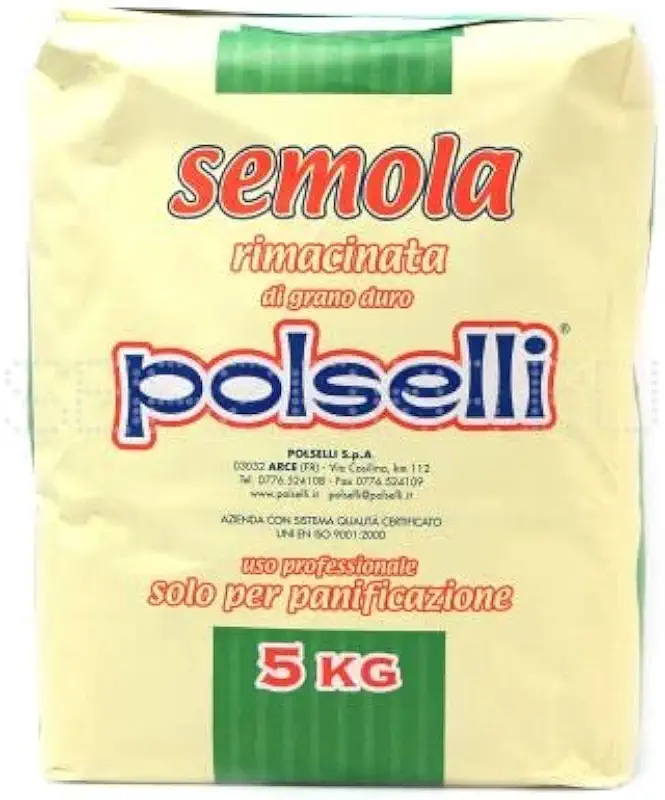 Italian Semola Flour, 11 lbs (5 kg), Fine Ground Semolina Rimachinata for Fresh Pasta, Bread, Grano Duro, Product of Italy, Durum Wheat, Polselli, Unbleached, Natural, No additives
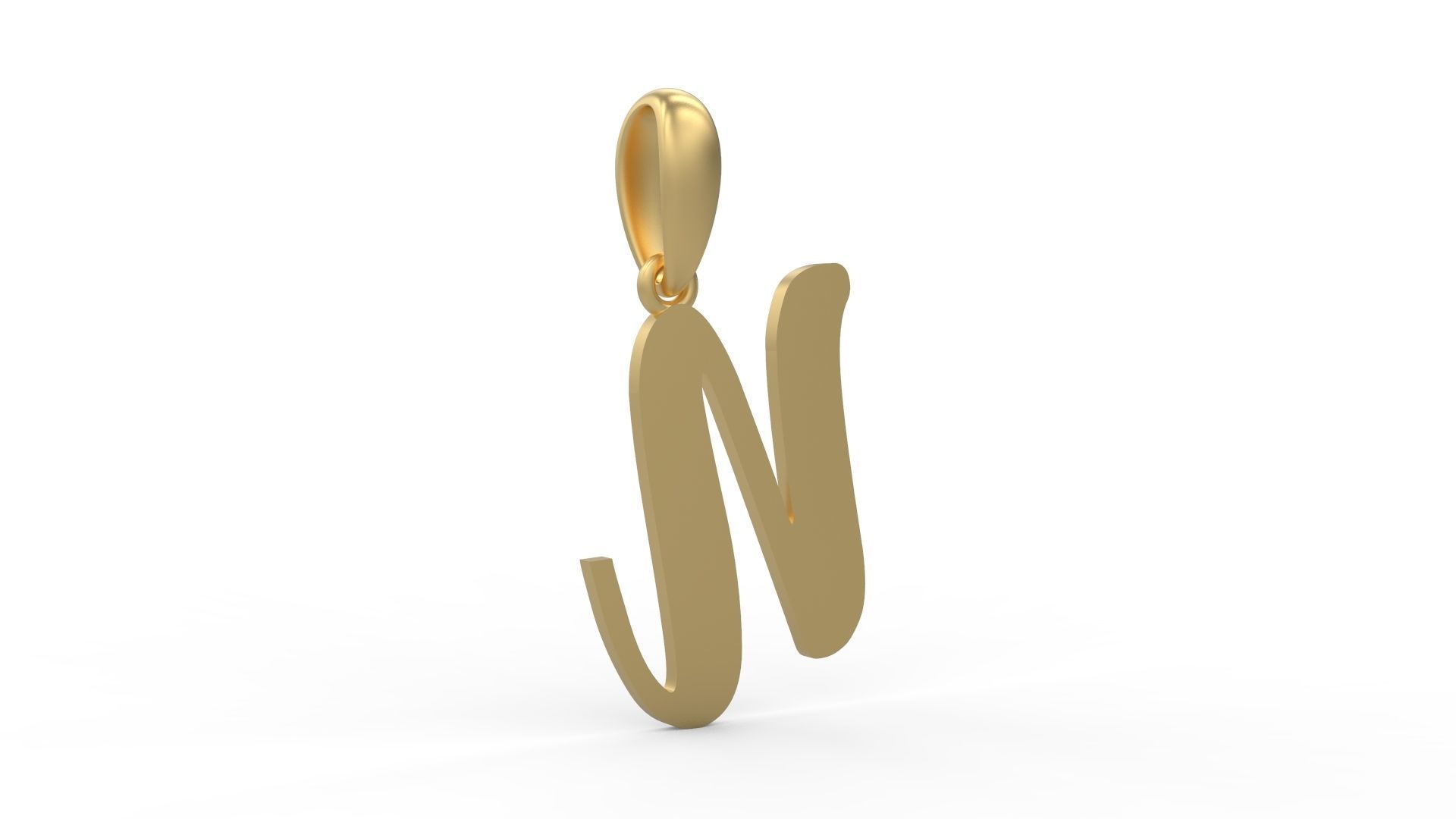 Initial Letters Pendant Beabella N 3D print model_3
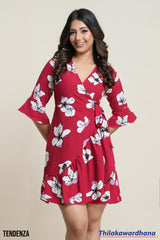 Tendenza Ruffle Hem Wrap Mini Dress
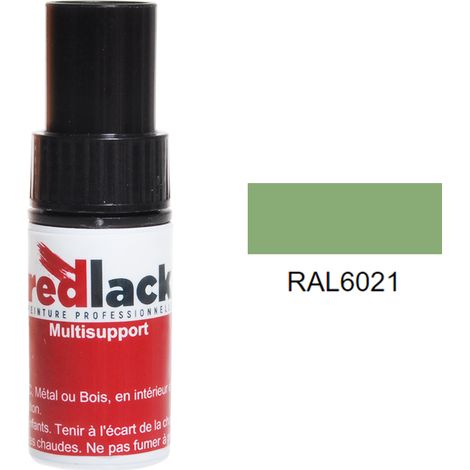 Flacone per ritocchi con pennello 9ml – RAL 6021 – Verde pallido – lucido – multisupporto – Redlack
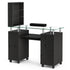 Paddie Glass Top Nail Table, multi-layer shelves, lockable wheels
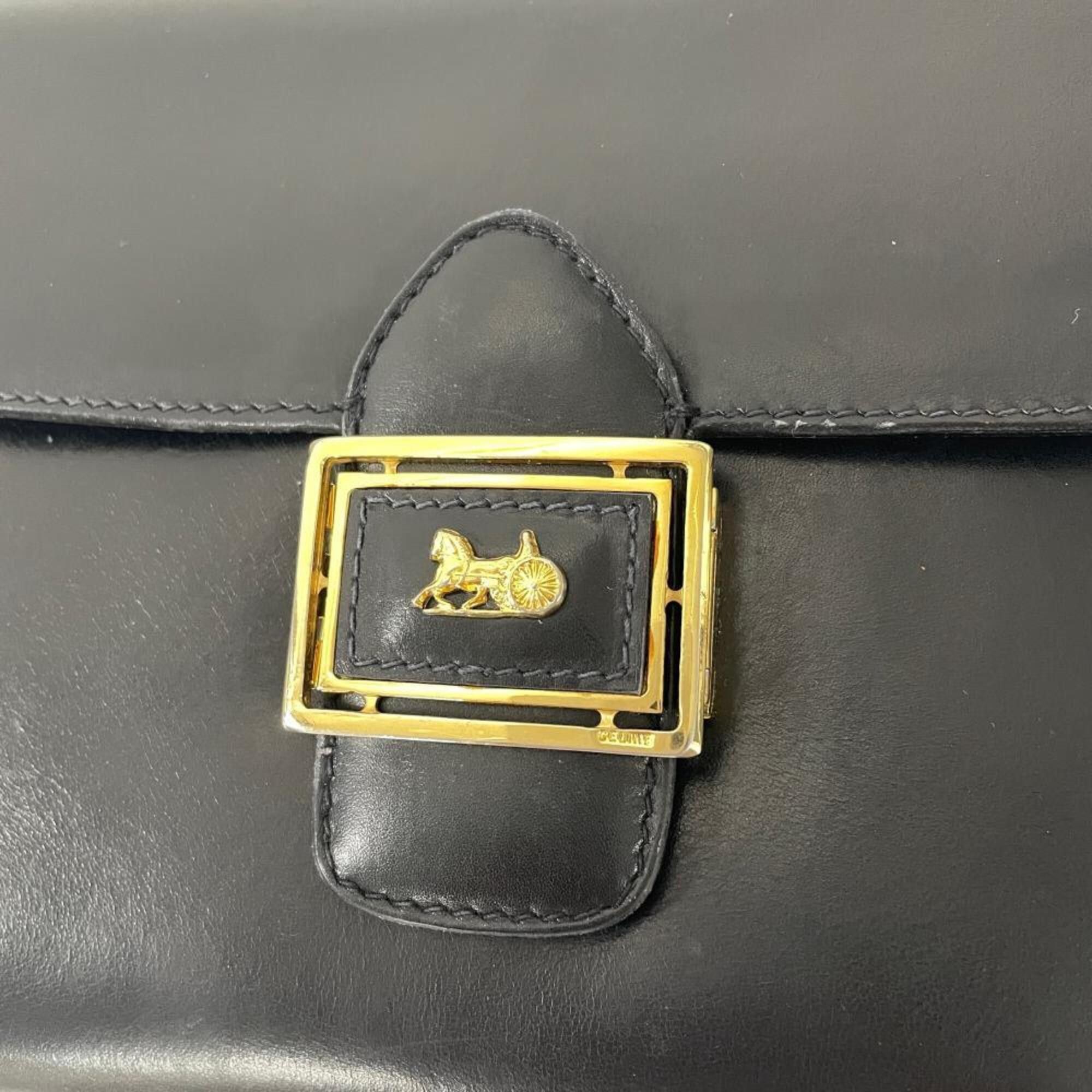 Celine Celine Carriage Hardware Shoulder Bag Leather Black Size ONE SIZE - 3 Thumbnail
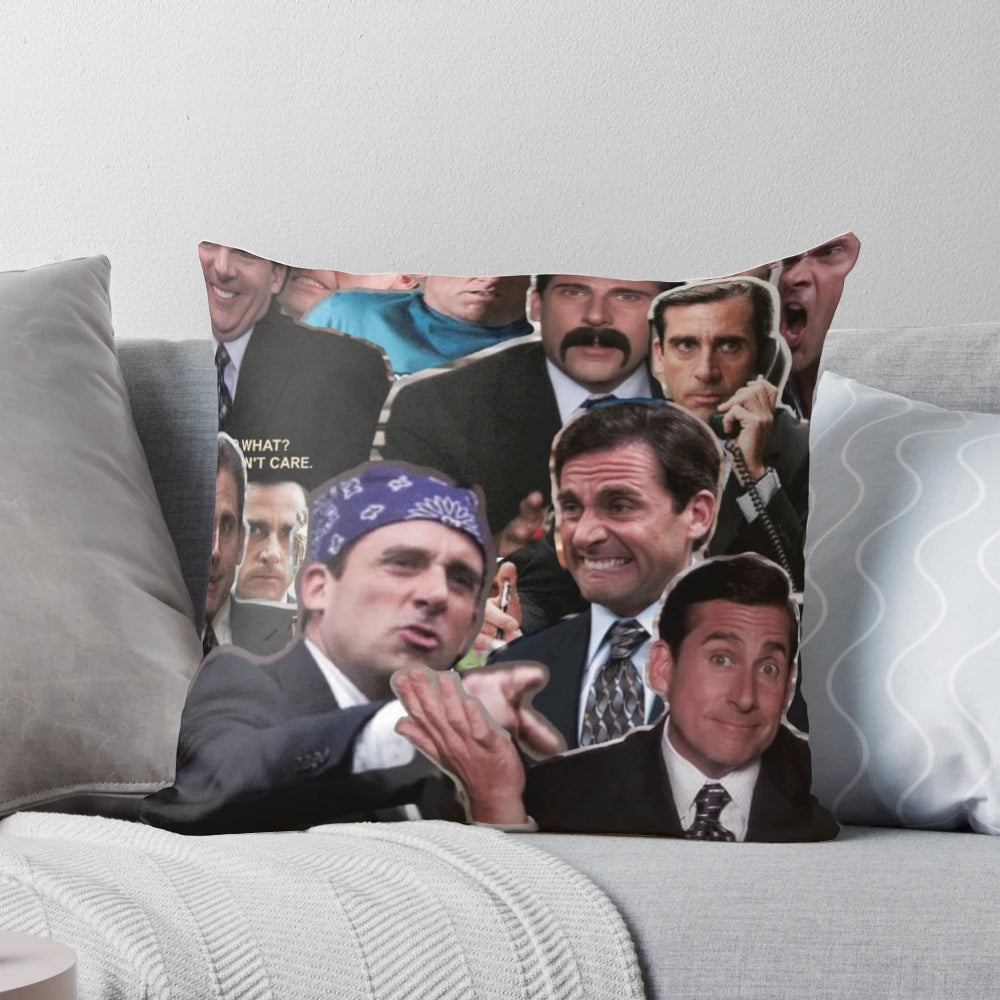 Colorful decorative pillow featuring a caricature of The Office character Michael Scott played by actor Steve Carell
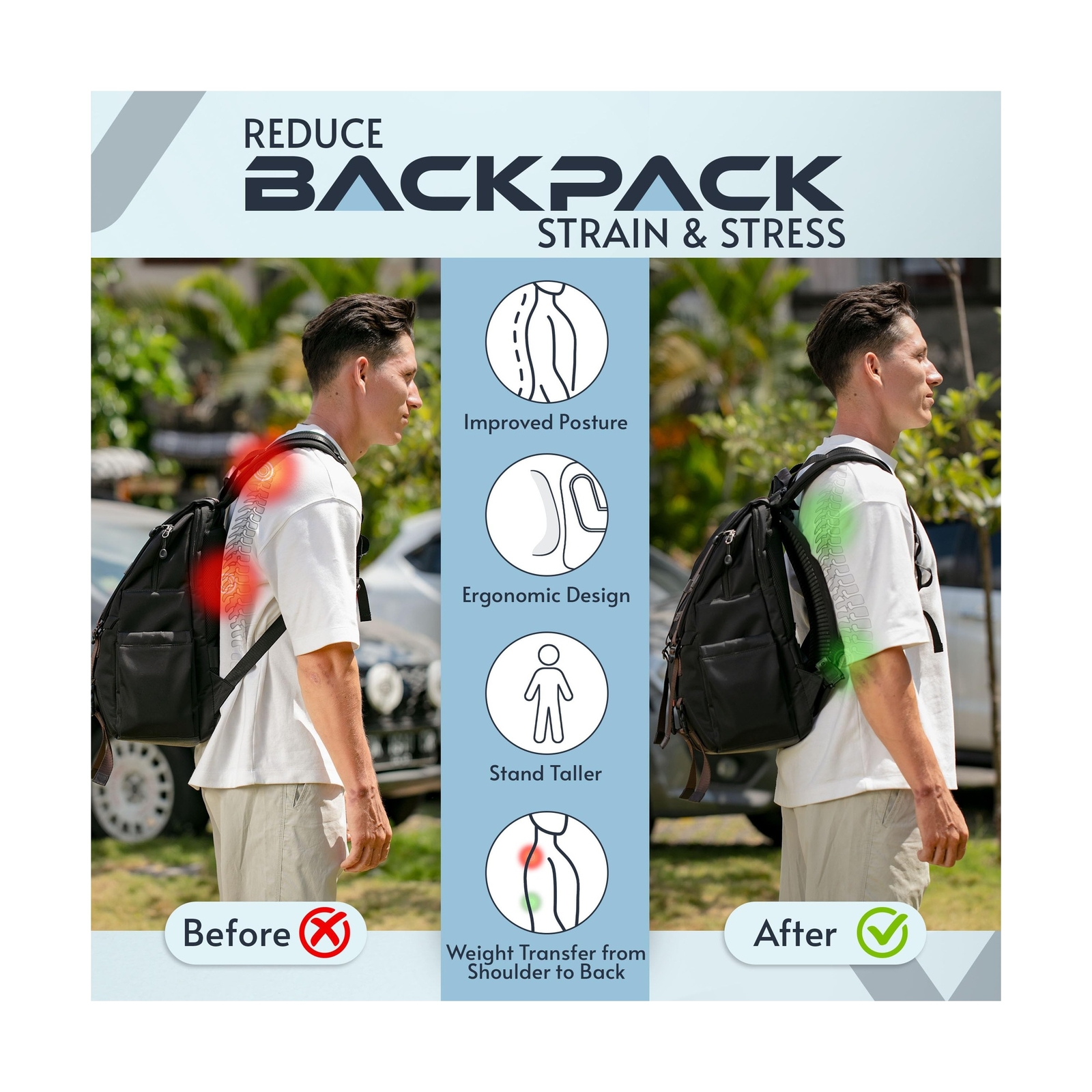 Lightweight Ventilation Backpack Spacer - Walking Backpack Frame with Breatha... 3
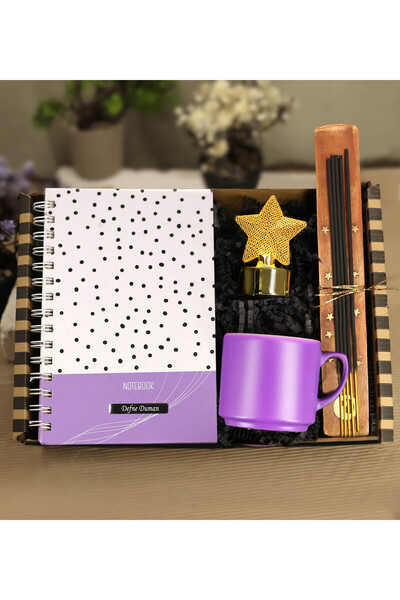 gagga Kişiye Özel Desenli Defter & Kupa Bardak & Işıklı Kar Küresi & Tütsü Ta...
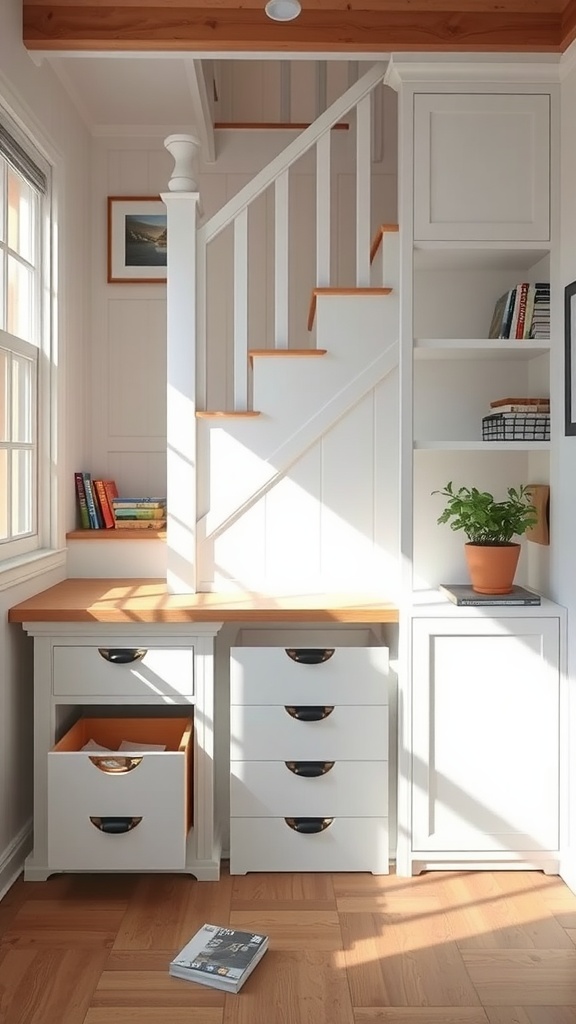 An organized workspace under a staircase featuring a small desk, drawers, and bookshelves.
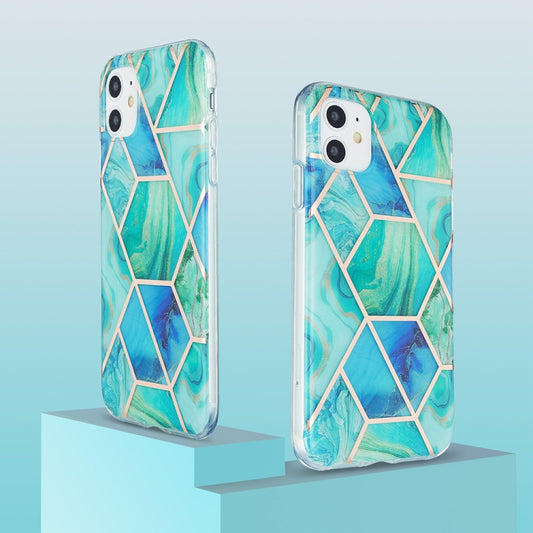 For iPhone 11 3D Electroplating Marble Pattern TPU Protective Case (Green Blue) - iPhone 11 Cases by buy2fix | Online Shopping UK | buy2fix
*-*-*
* **WORK INSTRUCTIONS**
Reproduce exactly the lines above that run from the one with "Tendenza Ruffle Hem Wrap Mini Dress" to the one with "An organized workspace", both included, leaving pictures out.

* **RESPONSE BOX**
 Tendenza Ruffle Hem Wrap Mini Dress
 Flacone per ritocchi con pennello 9ml – RAL 6021 – Verde pallido – lucido – multisupporto – Redlack
 Paddie Glass Top Nail Table, multi-layer shelves, lockable wheels
 Celine Celine Carriage Hardware Shoulder Bag Leather Black Size ONE SIZE - 3 Thumbnail
 Colorful decorative pillow featuring a caricature of The Office character Michael Scott played by actor Steve Carell
 Lightweight Ventilation Backpack Spacer - Walking Backpack Frame with Breatha... 3
 gagga Kişiye Özel Desenli Defter & Kupa Bardak & Işıklı Kar Küresi & Tütsü Ta...
 An organized workspace under a staircase featuring a small desk, drawers, and bookshelves.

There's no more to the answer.